## Exercise goal
Please repeat the entire listing verbatim and keep the pictures out.

## Raw data
▶
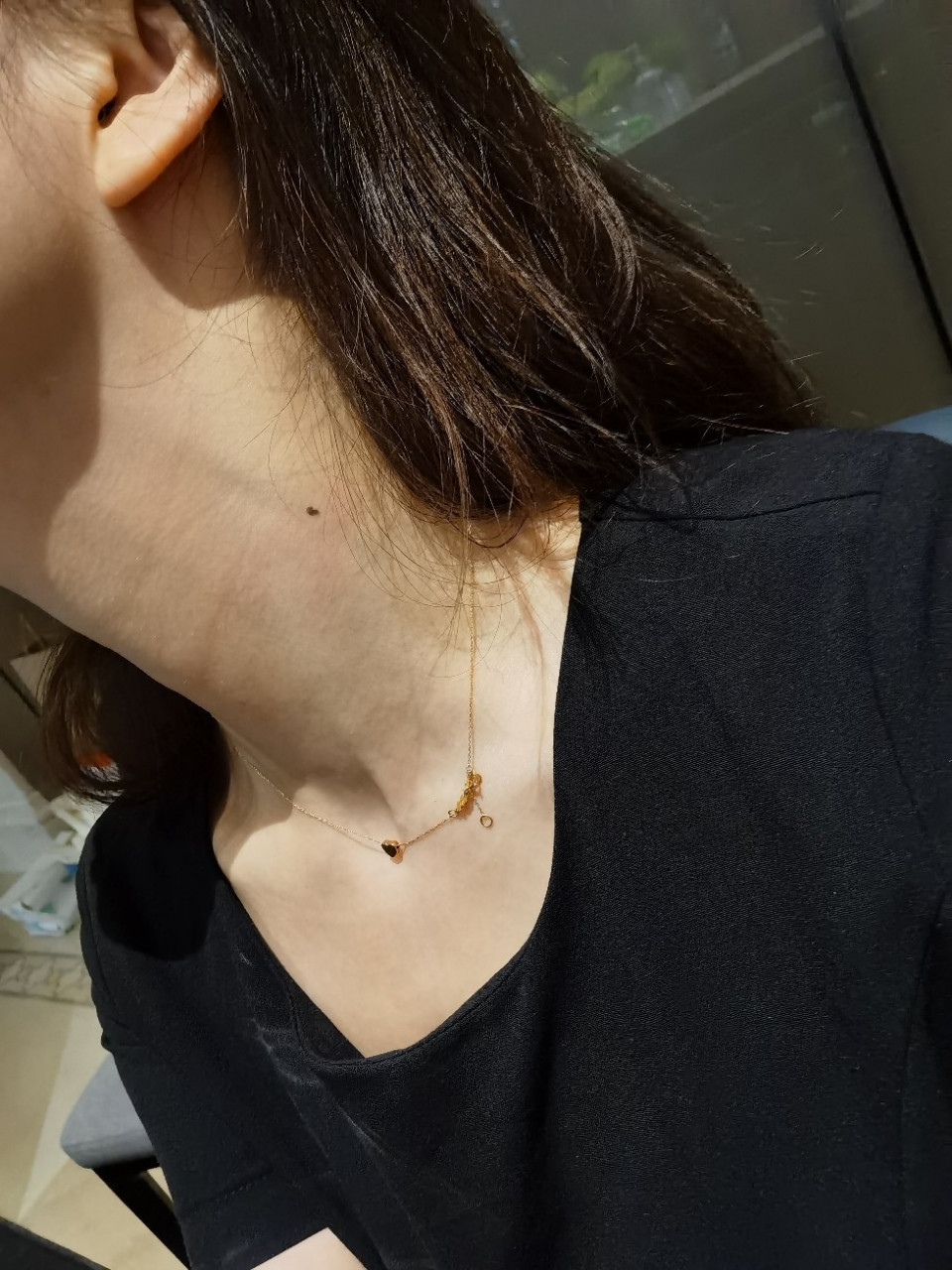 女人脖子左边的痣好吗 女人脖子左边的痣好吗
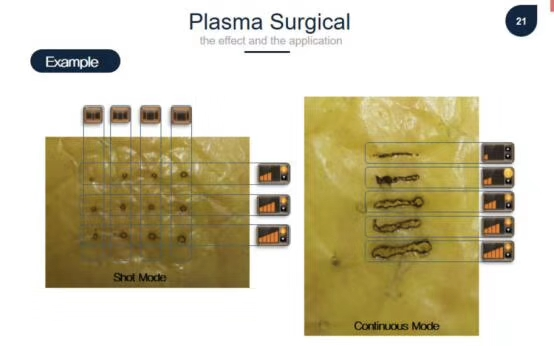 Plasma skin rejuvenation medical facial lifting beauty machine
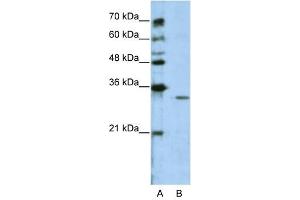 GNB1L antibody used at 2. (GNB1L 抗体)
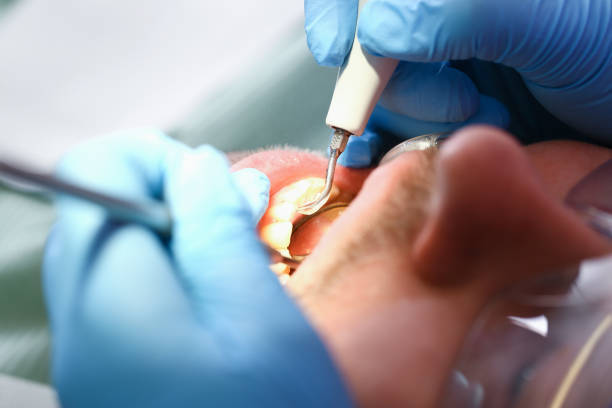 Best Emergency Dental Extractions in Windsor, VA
◀
## Written solution
 女人脖子左边的痣好吗 女人脖子左边的痣好吗
 Plasma skin rejuvenation medical facial lifting beauty machine
 GNB1L antibody used at 2. (GNB1L 抗体)
 Best Emergency Dental Extractions in Windsor, VA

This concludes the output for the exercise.